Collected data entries
=== Section Start ===
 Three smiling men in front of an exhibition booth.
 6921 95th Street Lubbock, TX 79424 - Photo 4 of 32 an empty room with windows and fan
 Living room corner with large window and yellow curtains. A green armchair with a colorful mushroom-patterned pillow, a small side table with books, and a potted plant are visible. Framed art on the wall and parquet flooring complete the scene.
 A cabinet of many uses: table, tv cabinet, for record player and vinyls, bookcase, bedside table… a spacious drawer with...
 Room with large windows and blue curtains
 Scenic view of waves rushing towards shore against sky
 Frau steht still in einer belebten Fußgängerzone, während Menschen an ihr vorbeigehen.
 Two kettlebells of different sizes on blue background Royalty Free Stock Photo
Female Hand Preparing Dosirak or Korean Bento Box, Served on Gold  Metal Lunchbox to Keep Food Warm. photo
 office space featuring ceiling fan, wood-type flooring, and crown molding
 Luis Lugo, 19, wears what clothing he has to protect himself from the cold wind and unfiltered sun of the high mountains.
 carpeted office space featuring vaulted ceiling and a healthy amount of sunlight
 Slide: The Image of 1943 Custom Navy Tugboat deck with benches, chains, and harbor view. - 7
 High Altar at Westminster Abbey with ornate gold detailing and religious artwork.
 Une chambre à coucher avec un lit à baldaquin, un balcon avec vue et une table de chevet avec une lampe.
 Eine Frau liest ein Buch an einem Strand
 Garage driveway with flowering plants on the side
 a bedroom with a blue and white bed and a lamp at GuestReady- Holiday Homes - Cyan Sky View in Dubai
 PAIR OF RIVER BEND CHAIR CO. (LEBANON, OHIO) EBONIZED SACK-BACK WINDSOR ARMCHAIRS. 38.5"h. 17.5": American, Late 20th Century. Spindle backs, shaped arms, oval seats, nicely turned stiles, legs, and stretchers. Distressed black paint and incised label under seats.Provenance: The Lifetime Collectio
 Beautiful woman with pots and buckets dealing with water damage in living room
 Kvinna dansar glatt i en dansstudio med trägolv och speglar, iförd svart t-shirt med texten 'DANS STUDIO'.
=== Section End ===
About this task: Reproduce the lines above, beginning at the line with "Living room corner" and stopping after the line with "Frau steht still", exactly as they are.

Written reply:
 Living room corner with large window and yellow curtains. A green armchair with a colorful mushroom-patterned pillow, a small side table with books, and a potted plant are visible. Framed art on the wall and parquet flooring complete the scene.
 A cabinet of many uses: table, tv cabinet, for record player and vinyls, bookcase, bedside table… a spacious drawer with...
 Room with large windows and blue curtains
 Scenic view of waves rushing towards shore against sky
 Frau steht still in einer belebten Fußgängerzone, während Menschen an ihr vorbeigehen.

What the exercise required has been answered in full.